Patients were assessed at routine clinic visits at baseline, week 8 (−1/+3 weeks), and week 24 (±4 weeks). The primary study outcome was the change from baseline in overall patient functioning on the Sheehan Disability Scale (SDS). The SDS assesses the impact of depressive symptoms on patient functioning across three important domains: work/school, social life, and family life/home responsibilities. Patients rate the severity of impairment in each domain over the past 7 days on a scale of 0–10, with higher values indicating greater impairment. Scores for the individual domains are combined to generate the total SDS score (range, 0–30). A reduction (ie, improvement) in SDS total score of ≥4 points is considered clinically relevant.27 The SDS also reports on the number of work/school days that were lost or were underproductive during the preceding week (ie, absenteeism and presenteeism, respectively).

Secondary study outcomes included: depression severity assessed by the patient using the 9-item Patient Health Questionnaire (PHQ-9), and by the physician using the 17-item Hamilton Depression Rating Scale (HAM-D17) and the Clinical Global Impressions–Severity of Illness (CGI-S) scale; cognitive symptoms assessed using the Perceived Deficits Questionnaire–Depression (PDQ-D); and anxiety symptoms assessed using the Generalized Anxiety Disorder 7-item (GAD-7) scale. Adverse events (AEs) were recorded using Medical Dictionary for Regulatory Activities (MedDRA) Version 23.0 preferred terms.

Statistical Analysis

This subgroup analysis included all eligible patients from the RELIEVE China study who were in full- or part-time work or education at baseline, initiated treatment with vortioxetine, and remained on treatment at all follow-up visits.

Effectiveness outcomes were analyzed using a mixed model for repeated measures, with an unstructured covariance matrix. The following baseline variables were added as fixed effects: analysis time point and baseline score, age, vortioxetine treatment line (first, second, or third or higher), sex, education level, duration of the current MDE, presence of any other psychiatric disorder, presence of a somatic disorder, and site. For SDS, PDQ-D, and GAD-7 analyses, HAM-D17 score was also included as a baseline variable to adjust for baseline disease severity. All models also included an interaction term of baseline score by analysis time point.

For patient functioning, change in SDS total score from baseline at weeks 8 and 24 was also analyzed by vortioxetine treatment line (first, second, and third or higher) and duration of MDD (≤52 or >52 weeks). The proportion of patients reporting minimal, mild, moderate, or severe functional impairment (defined as SDS total scores of 0–5, 6–11, 12–20, and 21–30, respectively) was assessed at each time point. Data on absenteeism and presenteeism were summarized descriptively and the changes from baseline to weeks 8 and 24 were analyzed by Wilcoxon signed rank test. The proportion of patients achieving response or remission was assessed at weeks 8 and 12. Response was defined as ≥50% reduction in HAM-D17 score from baseline, while remission was defined by a HAM-D17 score of ≤7. Safety endpoints were summarized descriptively.

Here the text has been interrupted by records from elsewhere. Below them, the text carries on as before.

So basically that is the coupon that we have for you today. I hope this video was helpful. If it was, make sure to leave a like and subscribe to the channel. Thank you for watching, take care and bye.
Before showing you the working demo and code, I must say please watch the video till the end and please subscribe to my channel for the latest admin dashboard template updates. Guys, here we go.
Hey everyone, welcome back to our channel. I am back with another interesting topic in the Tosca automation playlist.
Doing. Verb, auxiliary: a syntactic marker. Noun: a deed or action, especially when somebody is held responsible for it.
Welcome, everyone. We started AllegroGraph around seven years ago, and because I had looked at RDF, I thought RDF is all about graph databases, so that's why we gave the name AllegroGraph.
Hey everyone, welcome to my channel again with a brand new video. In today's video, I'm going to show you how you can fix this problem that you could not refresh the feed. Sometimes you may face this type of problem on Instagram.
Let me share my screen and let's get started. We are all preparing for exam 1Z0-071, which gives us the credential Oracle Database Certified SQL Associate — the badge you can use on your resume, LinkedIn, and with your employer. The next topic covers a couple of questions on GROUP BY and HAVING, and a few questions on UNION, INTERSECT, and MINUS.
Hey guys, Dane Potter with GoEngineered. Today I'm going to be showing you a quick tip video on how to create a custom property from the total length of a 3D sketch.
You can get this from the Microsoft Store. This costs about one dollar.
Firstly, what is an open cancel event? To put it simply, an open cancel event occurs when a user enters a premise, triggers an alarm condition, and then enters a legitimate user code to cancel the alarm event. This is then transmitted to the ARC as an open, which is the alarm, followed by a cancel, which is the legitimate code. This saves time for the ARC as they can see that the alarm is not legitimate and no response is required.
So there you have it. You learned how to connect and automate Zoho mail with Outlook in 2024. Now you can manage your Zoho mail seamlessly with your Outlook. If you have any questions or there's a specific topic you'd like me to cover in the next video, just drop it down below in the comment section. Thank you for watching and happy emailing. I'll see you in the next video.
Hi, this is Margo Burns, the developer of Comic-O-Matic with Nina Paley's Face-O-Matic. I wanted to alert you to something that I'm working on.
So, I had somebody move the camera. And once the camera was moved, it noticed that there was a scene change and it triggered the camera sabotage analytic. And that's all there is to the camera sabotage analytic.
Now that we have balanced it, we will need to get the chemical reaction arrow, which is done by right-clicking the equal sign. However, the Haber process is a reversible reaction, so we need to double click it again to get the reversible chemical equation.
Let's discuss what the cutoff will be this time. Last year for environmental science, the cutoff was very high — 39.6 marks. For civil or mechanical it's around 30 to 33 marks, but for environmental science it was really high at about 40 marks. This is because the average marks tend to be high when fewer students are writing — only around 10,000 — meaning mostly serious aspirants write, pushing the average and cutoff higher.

In a sensitivity analysis, we applied an adherence-adjusted analysis using inverse probability of censoring weights to assess the robustness of the main analyses (see Supplementary Appendix, Supplementary Tables 1 and 2, and Supplementary Figure 1).

Statistical analyses were performed using R (version 4.2.1; R Core Team, Vienna, Austria) and SAS (version 9.4; SAS Institute Inc., Cary, NC, USA). The significance level was set at P<0.05 (two-sided).

Results Baseline Characteristics

Of the 682 patients enrolled in the RELIEVE China study who were in full- or part-time work or education at baseline, 424 (62.2%) initiated treatment with vortioxetine and remained on treatment at all follow-up visits and were included in this subgroup analysis. Almost all patients (419 [98.8%]) were in full-time work or education. Baseline demographics and clinical characteristics are shown in Table 1. Most patients were female (63.0%), single (60.4%), had university-level or postgraduate education (67.5%), and were living in an urban area (88.7%). Mean (standard deviation [SD]) age was 30.5 (11.1) years. Just over half of all patients (51.9%) had a comorbid psychiatric disorder, most commonly an anxiety (38.9%) or sleep (24.3%) disorder. On average, patients had moderately severe mood, cognitive, and anxiety symptoms and were experiencing moderately severe functional impairment at baseline. The mean (SD) duration of the current MDE was 37.8 (73.8) weeks and in 33.5% of patients the current MDE had persisted for more than 24 weeks.

Table 1 Baseline Demographics and Clinical Characteristics

Vortioxetine Treatment

Over half of all patients (57.8%) were receiving vortioxetine as first-line treatment for the current MDE. Vortioxetine dosing is summarized in Figure 1. Most patients (368/424; 86.8%) initiated vortioxetine at a dose of 10 mg/day; this was the approved dosage for vortioxetine in China when this study was conducted. At week 24, 74.8% of patients (317/424) were receiving vortioxetine 10 mg/day.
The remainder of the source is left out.